28,49 CHF 0,19 CHF 0,67%

Rohstoffe

2.670,47 USD -38,43 USD -1,42%

74,84 USD -0,44 USD -0,58%

70,83 USD -0,35 USD -0,49%

Devisen

1,0490 USD 0,0072 USD 0,69%

von Andreas Hohenadl, Euro am Sonntag

Rund 675 Milliarden Euro verwaltet die Private-Banking-­Abteilung der Credit Suisse. In welche Investments dieses Geld fließt, darüber entscheidet Nannette Hechler-Fayd’herbe mit ihrem Team. Die promovierte Volkswirtin hat bei der Schweizer Großbank Karriere gemacht. 1999 begann sie dort mit einer Anlageklasse und einem Markt - Anleihen aus der Schweiz. Heute ist sie verantwortlich für das, was in den Portfolios der Credit Suisse umgesetzt wird. Trotz ihrer beruflichen Verpflichtungen nimmt für Hechler-Fayd’herbe die Familie einen wichtigen Platz im Leben ein. So nahm sie nach der Geburt ihres zweiten Kindes drei Jahre Auszeit, die sie mit ihrer Familie auf Mauritius verbrachte. In ihrer Freizeit spielt sie Klavier und ist begeisterte Seglerin.
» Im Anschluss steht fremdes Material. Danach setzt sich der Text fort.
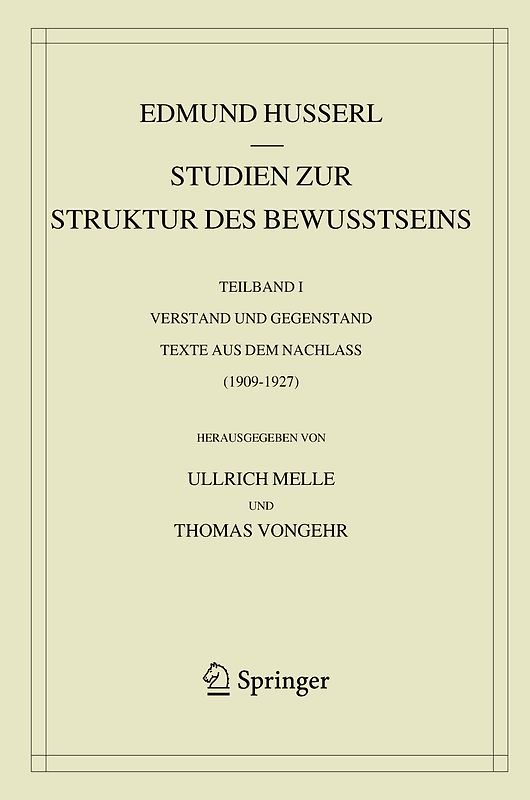 Studien zur Struktur des Bewusstseins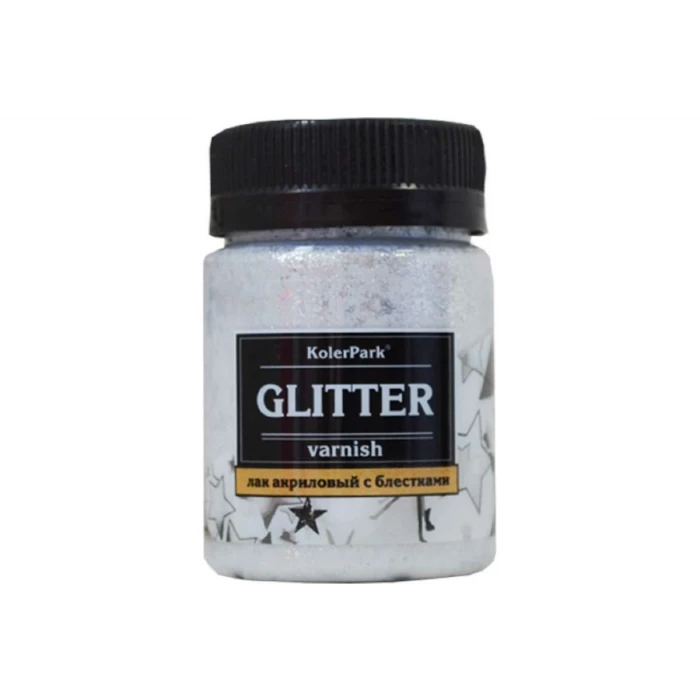 Лак акриловый глиттерный серебро Palizh Koler Park 50 мл КР.191-0,05 11607093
€uro am Sonntag: Frau Hechler-Fayd’herbe, Sie segeln gern mit Ihrer Familie im Mittelmeer. Mit oder ohne Smartphone?
Nannette Hechler-Fayd’herbe:
(lacht) Da habe ich bereits alles mitgemacht, denn ich segle seit langer Zeit. 2008 fing es dann an: segeln mit Blackberry. Darüber war mein Mann gar nicht erfreut, denn immer wenn es Wind gab, war ich gerade mit den Turbulenzen auf den Finanzmärkten beschäftigt. In dieser Hinsicht waren die Jahre 2008 bis 2010 sehr fordernd. Danach konnte ich wieder Ferien machen, die diese Bezeichnung verdienen. Kurz gesagt: Ja, ich kann Urlaub machen und segeln, ohne an der "Nabelschnur" zu hängen.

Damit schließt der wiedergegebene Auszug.